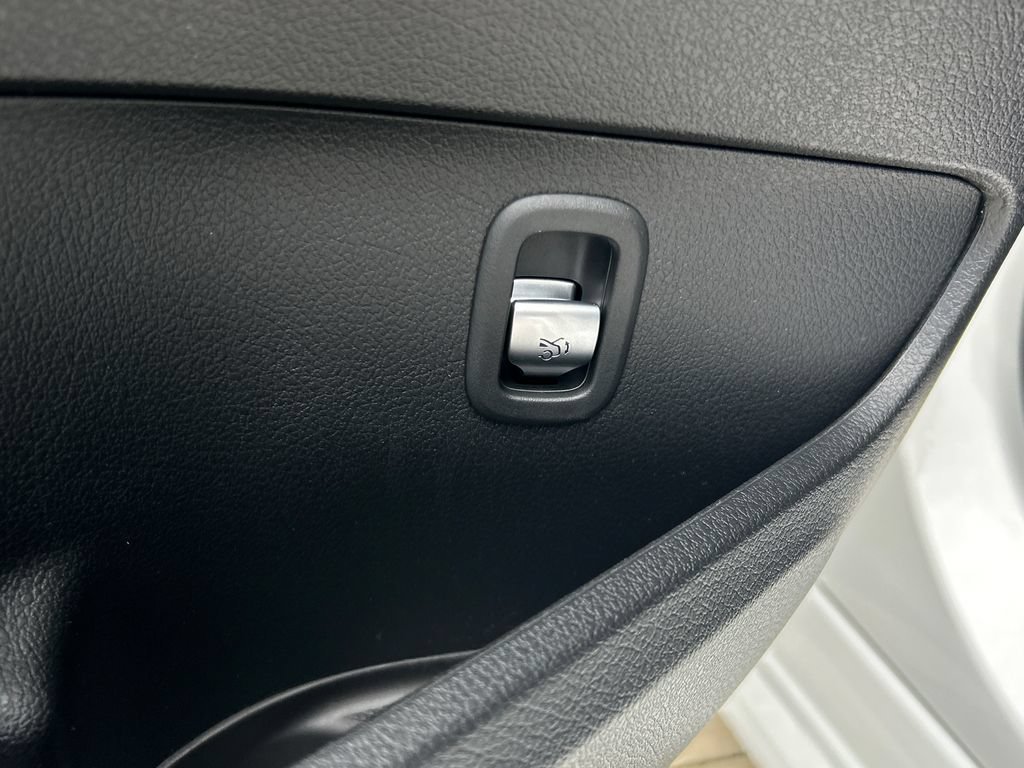 New 2026 Polar White Mercedes-Benz C 300 image 49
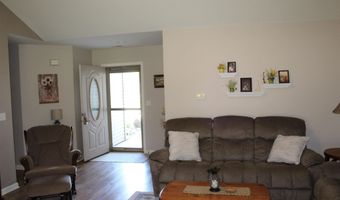 811 Thomas Dr, Angola, IN 46703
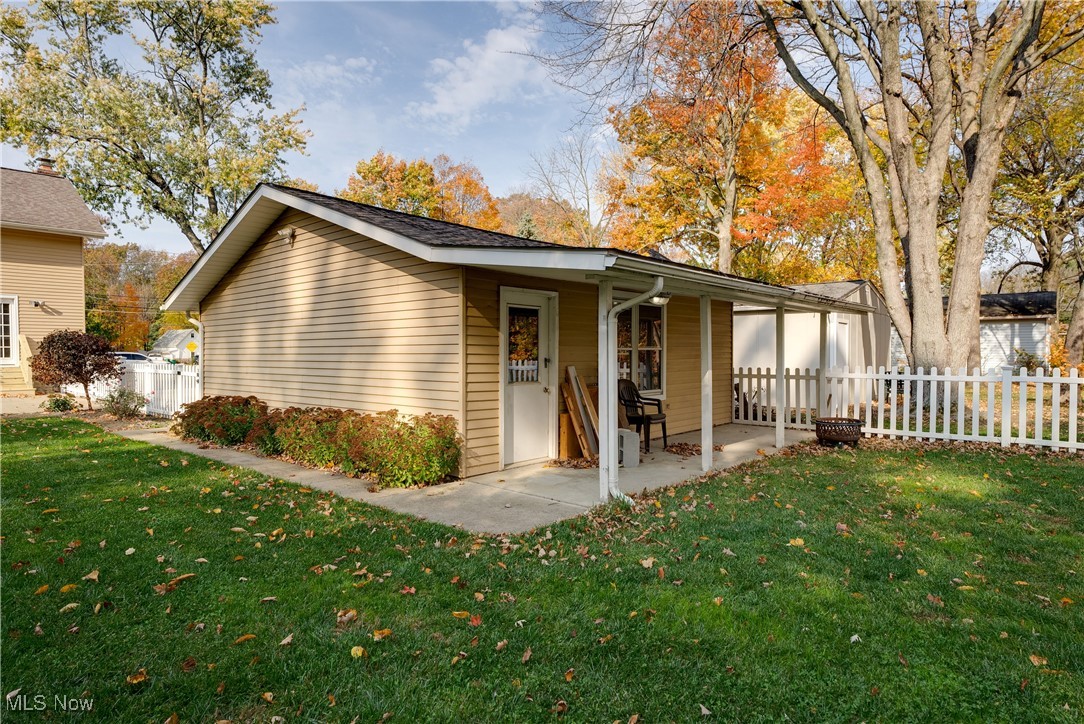 7235 Burridge Avenue, Mentor, Ohio image 26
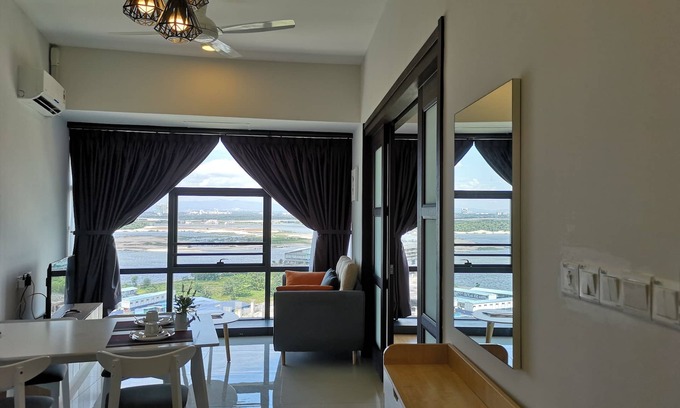 Central District Apartment | Deluxe Studio Room @ Country Garden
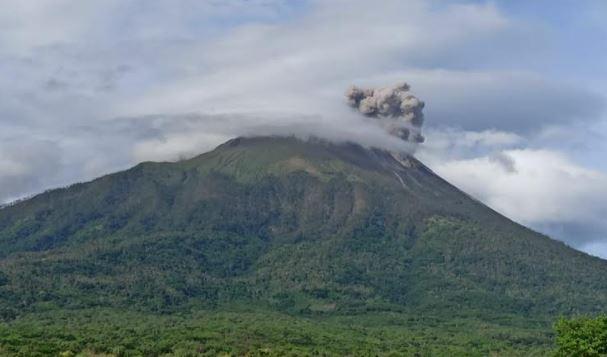 Gunung Ile Lewotolok 2 Kali Meletus Hari Ini, Waspadai Awan Panas dan Lahar Dingin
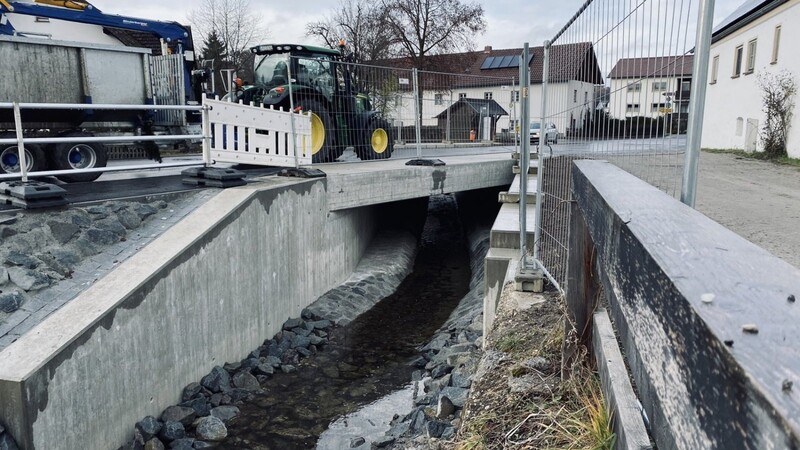 Der erste von zwei Brücken über den Osterbach auf der LA19 in Gündlkofen ist so weit fertig...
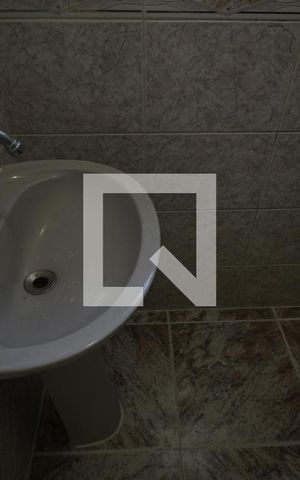 Casa para alugar com 49m², 1 quarto e sem vagaBanheiro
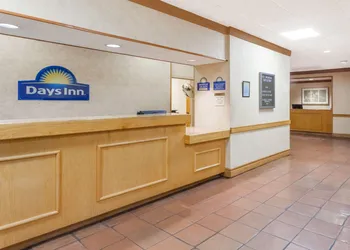 Days Inn by Wyndham Seguin TX hotel thumbnail 2
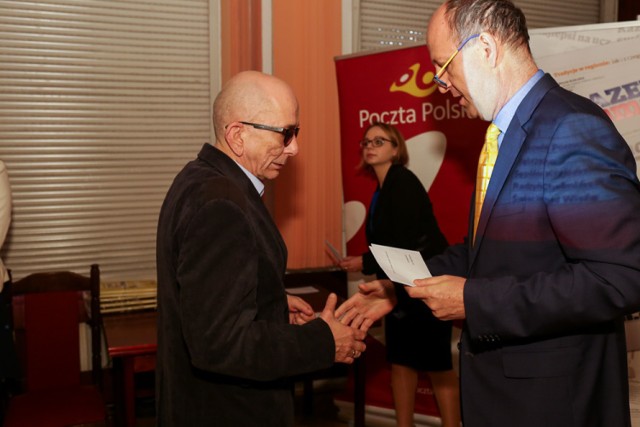 W siedzibie głównej Poczty Polskiej przy ul. Jagiellońskiej w Bydgoszczy odbyło się spotkanie podsumowujące konkurs roczny oraz III kwartał na prenumeratę „Gazety Pomorskiej”.

Zostali nagrodzeni najlepsi pocztowcy z Kujawsko-Pomorskiego. Wielu naczelników to już stali bywalcy takich spotkań. To dlatego, że i oni, i podlegli im pracownicy, uzyskują regularnie najlepsze wyniki pracy, w tym - sprzedaży „Gazety Pomorskiej”, więc są zapraszani na podsumowania kwartałów.
-&nbsp;Nagroda zdarza się od czasu do czasu, a praca jest stała. To na niej, a nie na nagrodach nam bardziej zależy - uważają listonosze z regionu.

Tak twierdzi choćby Joanna Wiśniewska, naczelnik Urzędu Pocztowego Kruszwica 1. U niej powołanie do zawodu chyba jest rodzinne. - Dziadek był listonoszem - mówi pani naczelnik. - Poszłam w jego ślady. Jako mała dziewczynka bawiłam się w „Małą pocztę”. Już wtedy myślałam, że jak dorosnę, będę pracować przy okienku. Teraz na poczcie pracuję.

I odnosi sukcesy. - W spotkaniach organizowanych dla najskuteczniejszych pracowników poczty w naszym regionie uczestniczę właściwie co 3 miesiące - przyznaje Wiśniewska. - Odbieram wtedy gratulacje i nagrody dla moich pracowników.

Sporo tych wyróżnień, bo ma przecież pod sobą 21 osób. Joanna Przybyła ma pod sobą 15 osób. Kieruje Urzędem Pocztowym Gniewkowo. - W branży pracuję od 21 lat - wspomina. - Kontakt z ludźmi, zarówno pracownikami, jak i klientami, cenię najbardziej. 

Podobnie uważa Izabela Płatun, naczelnik Urzędu Pocztowego 23 przy ul. Gajowej w Bydgoszczy. Też jest szefową, kieruje pracą ośmiu listonoszy.

Kobiety szefowe na poczcie to żadna rzadkość. Panie naczelniczki przyznają, że czasem jest nerwowo i czasem trzeba tupnąć nogą, ale współpraca z listonoszami (ci z kolei stanowią większość w zawodzie) dobrze się układa. - Powiedzenie „Gdzie diabeł nie może, tam babę pośle” my poszerzamy o „albo faceta z listem, najlepiej poleconym”.  I sprawa będzie załatwiona.

O tym, że ludzie dobrze czują się w pracy w branży pocztowej, świadczą staże. Jan Patalas z poczty w Sępólnie Krajeńskim jest tego żywym przykładem. Należy do rekordzistów pod tym względem. 
-&nbsp;32 lata pracy mi stuknęło - uśmiecha się pan Jan. - Zaczynał na poczcie w Chojnicach. Od 1999 roku pracuje w Sępólnie. Teraz jest tutaj naczelnikiem.

Pamięta pocztę z dawnych lat. - Zaszło wiele zmian. Porównując pocztę z przeszłości i obecną, zmieniła się na korzyść - uważa. - Pojawiła się  bogatsza oferta. Sprzedajemy nie tylko widokówki, koperty i znaczki. To, co proponujemy klientowi, wyszło dalej, poza samą sprzedaż. 

Spotkania, jak poniedziałkowe, stanowią okazję nie tylko do przyjęcia nagród. To również dobry moment na zwyczajne, ludzkie, fajne rozmowy już nie tyle ludzi z branży, co koleżanek i kolegów. 

Będzie następna okazja. No, może nie tyle do pogadania, co do zadumy. W najbliższą niedzielę (15 października), w kościele Świętych Apostołów Piotra i Pawła w Bydgoszczy przy placu Wolności o godz. 12.30 zostanie odprawiona msza w intencji pracowników poczty. To z okazji nadchodzącego ich święta.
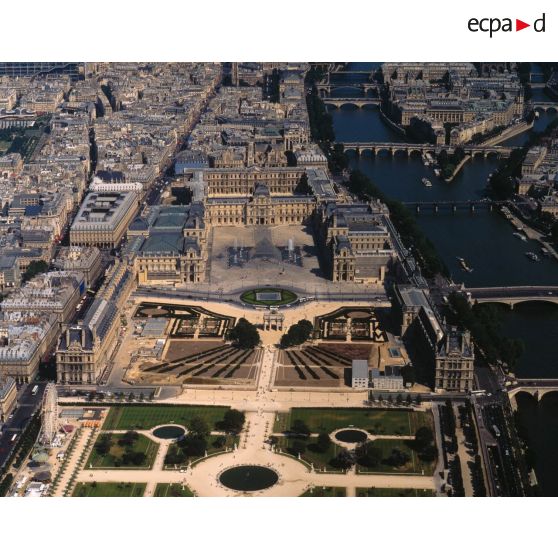 Paris 1er. Le palais du Louvre d'ouest en est.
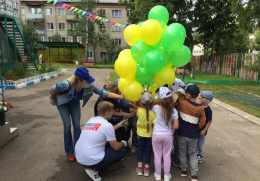 Активисты поздравили воспитанников детских садов "Чайка" и "Колокольчик" с Международным Днём дружбы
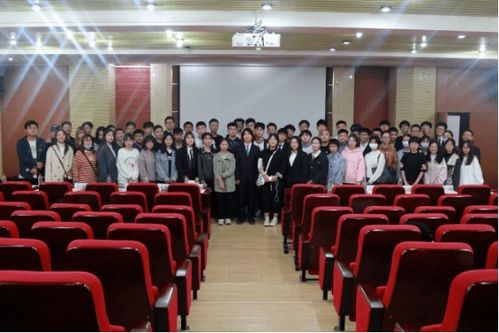 喜報 | 測繪社團指導中心榮獲“武漢大學學生社團工作先進集體”稱號，測繪服務再添新彩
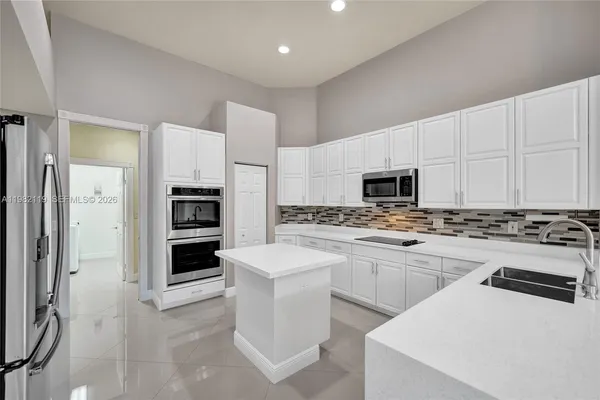 $6,800 | 8006 North Savannah Circle, Davie, FL 33328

* **Prompt**
Among the entries above, locate the line with "Central District Apartment" and the line with "Der erste von". Give those two lines and all lines between them again, exactly, leaving out the pictures.

* **Answer section**
 Central District Apartment | Deluxe Studio Room @ Country Garden
 Gunung Ile Lewotolok 2 Kali Meletus Hari Ini, Waspadai Awan Panas dan Lahar Dingin
 Der erste von zwei Brücken über den Osterbach auf der LA19 in Gündlkofen ist so weit fertig...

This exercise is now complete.